Moving into the music scene, he became Creative Director for Russell Simmons’ Def Jam Recordings, and as co-founder of the label’s visual design firm has created visual identities, album covers, logos and ad campaigns for Run DMC, Beastie Boys, LL Cool J, Public Enemy, Jay-Z and others. If anyone is poised to dissect and reimagine graphic identities, it should be Adams.
Strung across the gallery are a variety of small and large collages that limn familiar names in the script associated with their product lines: Nike, Hot Wheels, and (Nebraska’s-own) Kool-Aid.

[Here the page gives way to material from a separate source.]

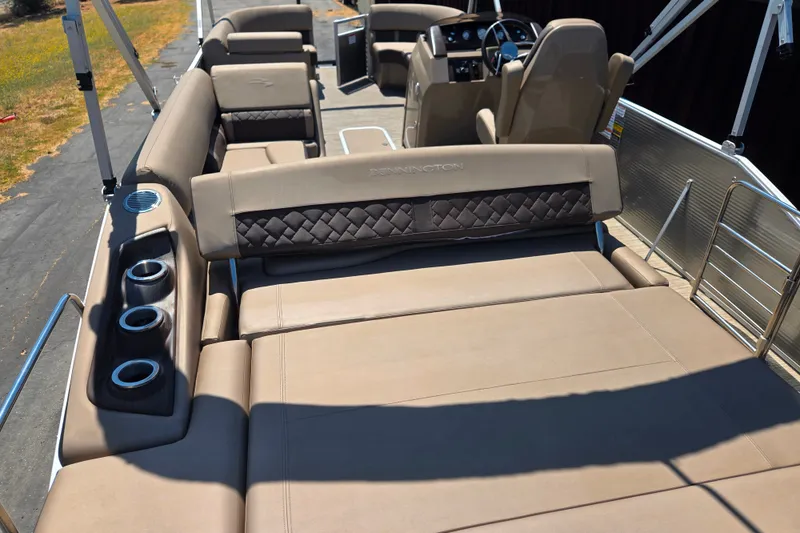 Slide: The Image of 2022 Bennington L24 pontoon boat interior with luxurious seating and cup holders. - 24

Two large paintings, one finished and one still a work in progress, contrast soda rivals Pepsi and Coca Cola.
Personal touches take them away from being pure imitation—deviations of color and introduction of pattern chief among them. Sometimes the name of a product is cropped, but it’s so iconic, so culturally “sticky” that the whole is understood from the fragment. This is especially true of one motif repeated throughout the show—the American flag, arguably the country’s most recognizable brand, whatever its loaded meaning.
For Adams, these works represent different kinds of play. Clearly, they tip their hat to Andy Warhol, Jasper Johns, James Rosenquist and other old masters of Pop Art. That movement, begun in the late 1950s, took on the subject matter and techniques of consumer culture, creating a revolutionary mixture of high and low art. (For more on Pop, check out the remaining days of In Living Color: Andy Warhol and Contemporary Printmaking at Joslyn.)
Adams’ choice of brands is admittedly triggered by childhood nostalgia combined with a personal/professional love of typeface and graphic design. There is little parody, irony or cynicism in their selection, seeming to keep with the joy of the season.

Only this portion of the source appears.